I hadn’t really tested the 6-axis Hybrid Gimbal Stabiliser 2.0 all that much until I went to the Motley Crue concert the other night and even the seats and stands were literally rocking and my hands were moving as well, the video was nearly perfectly still (see above).  I have seen something similar on the iPhone (Action Mode) and this was equivalent and possibly even better than that.  You can see the comparisons below — unfortunately my ankle isn’t up to running just yet so the action is minimal.
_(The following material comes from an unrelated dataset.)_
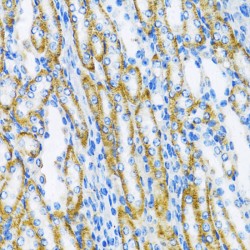 Polymerase DNA Directed Beta (POLB) Antibody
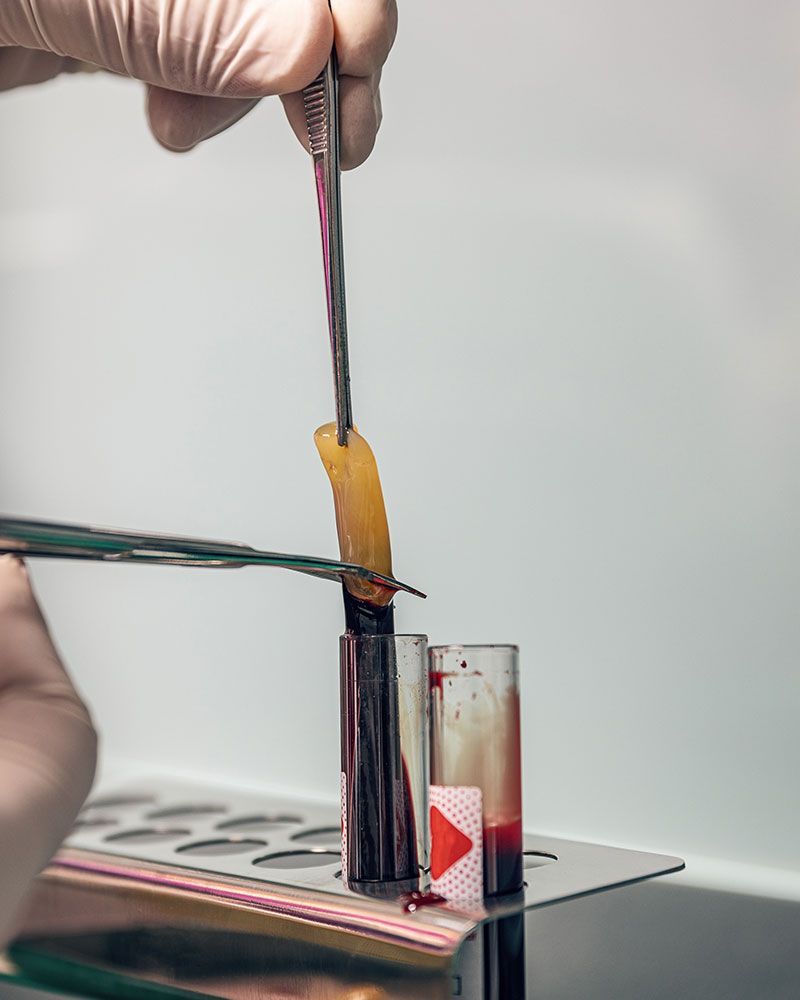 A gloved hand holds a tissue sample with tweezers, cutting it over a blood-filled test tube rack.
The Zenfone 10 launches with Android 13 running ASUS’ ‘ZenUI’ over the top. The review Zenfone 10 seems to be stuck on security update from April 2023 only but Asus insist that an update from October/November should be available for retail version — For some reason review units are different. One good thing is that Asus do provide the update file on their website if you want to venture into manually applying the update yourself.

Asus has only promised two Android OS version updates which means that Android 15 will be the last update it sees which is disappointing given the long updates Google are offering on the Pixel phones these days — and Android 15 will be on many phones by this time next year.  Android 14 is just about cooked though and will start rolling out to the Zenfone 10 in Q1 2024 – not ideal and something Asus really need to put more effort into if they want to sell more smartphones at this price.

The ZenUI interface retains a lot of what makes stock Android simple and easy to use, but adds in a few touches to make it a little easier to use. 

There are usability improvements in the form of one-handed mode, which allows you to quickly access the notification panel. As well there is the one-handed ‘edge’ tool which sits waiting on the side of the display for a swipe in and shows a list of your most used apps. The Smart Key programming with the power button is also a very nice feature letting you quickly access apps you use, or simply swiping down to access notifications if you need to.

I loved the way Asus has set up their software enhancements allowing for you to keep certain sections of the UI as stock Android (see Pixel software).  There are places where you can choose whether to opt for Asus software or stick to Google’s.  I used a mixture of both throughout the system.  This is how Android should be, the ability to customise the UI how you want it and tailor it to how you prefer to use your phone.

Who buys the Asus Zenfone 10?

Compact phones are really not a thing anymore.  For folks who prefer a compact phone, and a lot of people do, they just haven’t had that option in recent years, the Zenfone 10 is for them.  The Pixel 8 is small but this is even smaller.  

Even with the smaller size the phone performs at a premium level with apps opening quickly and switching between apps is a breeze.  The camera is definitely acceptable and although lacks a dedicated macro mode, auto-focus and a decent zoom, works well for such a small phone.  

Do not expect it to perform at an ultra-premium Pixel 8 Pro or iPhone 15 Pro Max level but the images are at a premium level.  The video stabilisation on the other hand is next level.  I’d be comfortable putting it up against anything else on the market – and I will in a few weeks once I can run on my injured ankle.

For camera comparisons keep an eye out for the smartphone camera shootout coming in the next couple of weeks.

The Asus Zenfone 10 is a bump in performance over the Zenfone 9 from last year and although the camera lacks in some areas in comparison it is the best compact smartphone on the market.  

If you’ve had enough of looking like Maxwell Smart (for those old enough to know about his shoe phone) then this is the phone for you with a compact size with very little compromise. The Asus Zenfone 10 is not cheap and although it is better than the Pixel 8, it does cost $300 more. I feel that Asus should have either added a third camera (and autofocus to their wide angle camera) for that price or dropped the price a bit.

To get your hands on the ASUS Zenfone 10, you can head to the ASUS e-store or JB Hi-Fi. The ASUS Zenfone 10 with 16GB RAM / 512GB storage is priced at $1,499 AUD, while the Zenfone 10 with 8GB RAM and 256GB of storage will be priced at $1,299 AUD.